Mike, I rarely comment but I do read often. You are erudite and funny, a rare combo.. but I must take slight umbrage to your statement that equates owning a very expensive car and being antisocial. You are entitled to your opinions obviously. I just happen to subscribe to if one works hard they have a right to play hard and it in no way makes them anti anything. I go to various firms in NYC as a freelancer. I pass homeless all over the streets. It's very sad. I feel badly for every one of them and thank a higher power it's not me. I also go into delis, etc, and buy them food and occasionally hand them money. I drive an expensive Porsche. My wife does very well in the business world also and gives a large portion of her earnings to charity. She also drives high end automobiles. Antisocial? Hardly.

Concerning David Hume Kennerly's "It doesn't matter. It doesn't matter."

There is a thriller by Gavin Lyall (I forget which one) in which the central character asks his new associate why he uses a particular weapon. The associate explains his reasons, several of them. The central character has got what he wanted. Not the reasons, he doesn’t care about those, but the knowledge that his associate has actually put thought into what he uses, has chosen the weapon because it is the one he considers is the right one for him and will be able to use it effectively if necessary.

I think this principle applies to cameras too. It’s why, after a lot of thought, I got rid of my DSLRs and now just have the one camera, my E-M10.

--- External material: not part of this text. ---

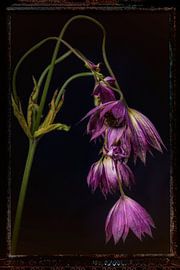 Old Flowers 1 by Henk Leijen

And, I would guess, Mr Kennerly did the same thing. The camera does matter. It’s a tool and a decent craftsman will know which tool to use for a job and how to use it well – I doubt Mr Kennerly would have turned up to an official function carrying a 127 Brownie!

Yes, I know “it’s not the camera, it’s the photographer”, but like so many clever, pithy statements, it is only correct up to a point. If you haven’t put thought into why you use a particular piece of equipment, then you will probably have difficulty producing the best work you are capable of. If you have any talent at all, you will be able to produce good pictures, but you will have to work harder to get around your camera’s ‘failings’.

And I love getting the last word.


Spanking of brand agnosticism. A few years back, I attended a lecture by Robert and Shana ParkeHarrison. They identify as artists, though they did take photographs on film and produced photogravures as the final prints. Their images are mostly surrealist in nature and use sets, costumes and props they acquire or make. I like their work. Anyway, at the lecture someone asked them what kind of camera they use and Robert and Shana looked at each other and said, and this is paraphrased, "It's some kind of 6x7 camera, but we don't remember the name." It's hard to imagine someone not knowing the brand of camera they use on a regular basis, but then again during an interview, Bernie Sanders was asked what kind of car he drives and all he could come up with was it was the smallest Chevy he could find. He couldn't remember the model at all. In both cases, it seems like deliberate disinterest, but for different reasons.

Fascinating examples of disinterest in places that seem weird to me! I know the brands of most of the knives and pans in my kitchen, too. But I haven't a clue to the brands of the plates or silverware, even though I picked them out myself and rather like them.

How many of you don't know what brand processor is in your computer? What brand graphics card? Probably lots, and the rest of us find it strange.